● **Required work**:
Please output the records below word for word and omit the pictures.

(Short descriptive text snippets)

=-=-=-=-=

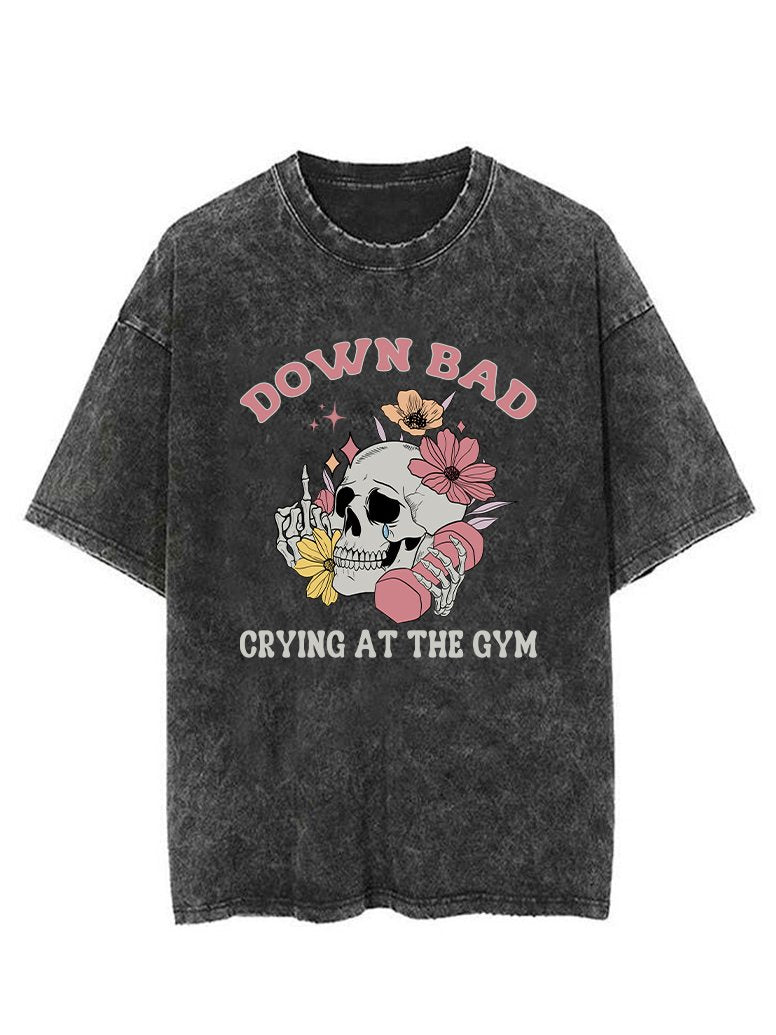 DOWN BAD CRYING AT THE GYM VINTAGE GYM SHIRT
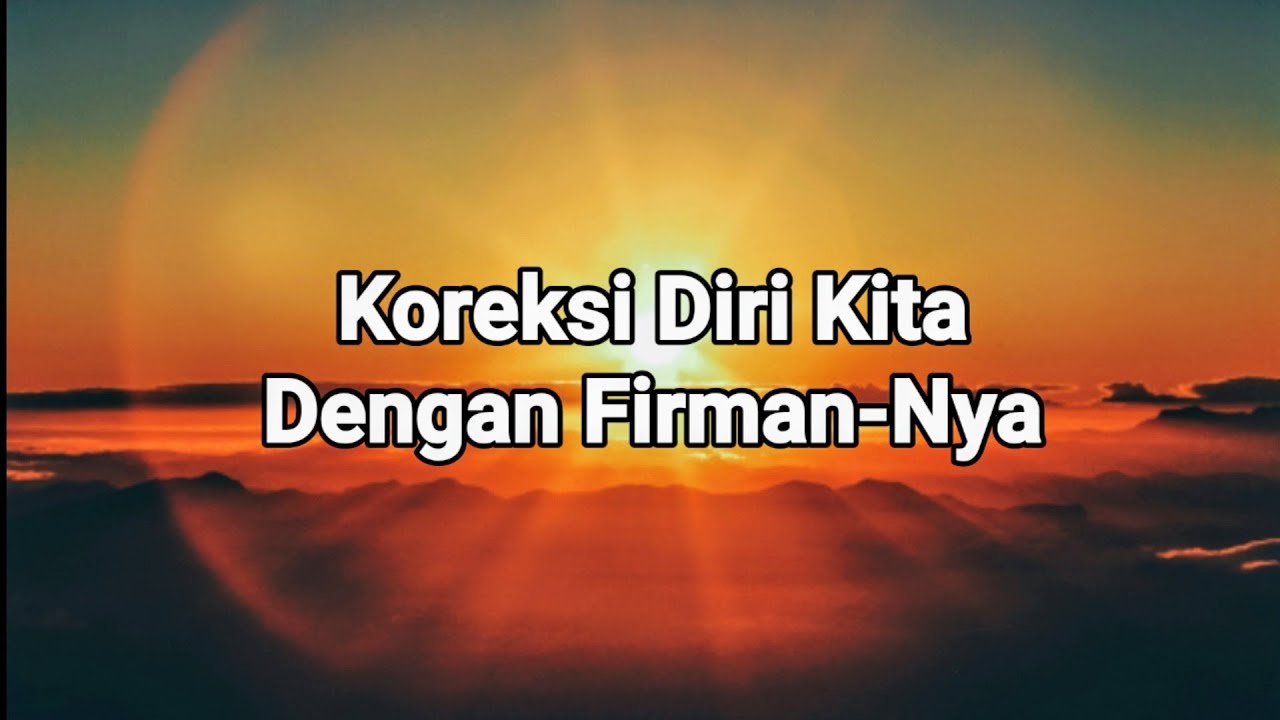 Koreksi Diri Dengan Firman-Nya - Renungan dan Doa Pagi Suara Injil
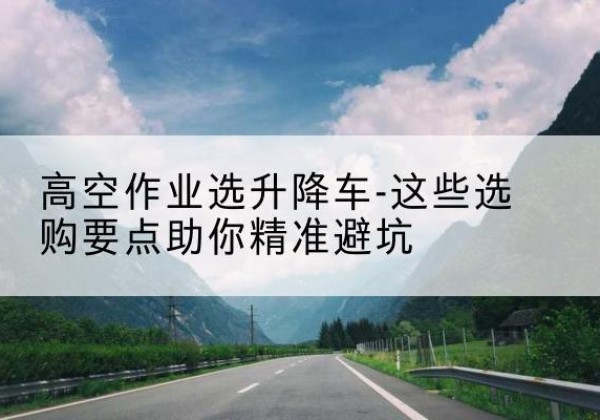 太平升降车厂家-高空作业选升降车-这些选购要点助你*避坑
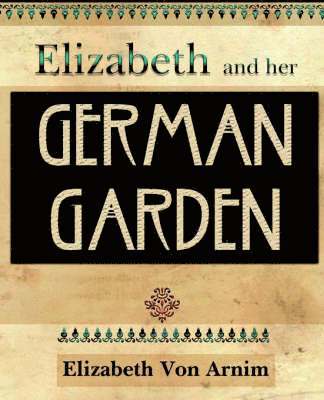 bokomslag Elizabeth and Her German Garden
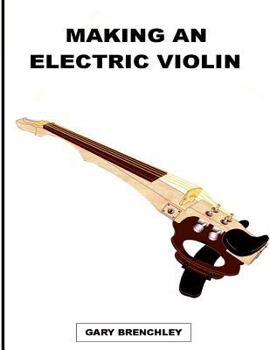 Paperback Making an Electric Violin Book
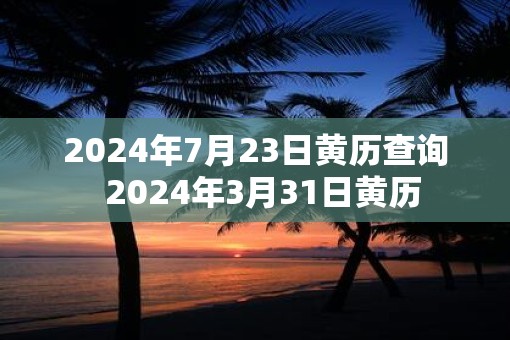 2025年7月23日黄历查询  2025年3月31日黄历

=-=-=-=-=

● **Answer box**:
 DOWN BAD CRYING AT THE GYM VINTAGE GYM SHIRT
 Koreksi Diri Dengan Firman-Nya - Renungan dan Doa Pagi Suara Injil
 太平升降车厂家-高空作业选升降车-这些选购要点助你*避坑
 bokomslag Elizabeth and Her German Garden
 Paperback Making an Electric Violin Book
 2025年7月23日黄历查询  2025年3月31日黄历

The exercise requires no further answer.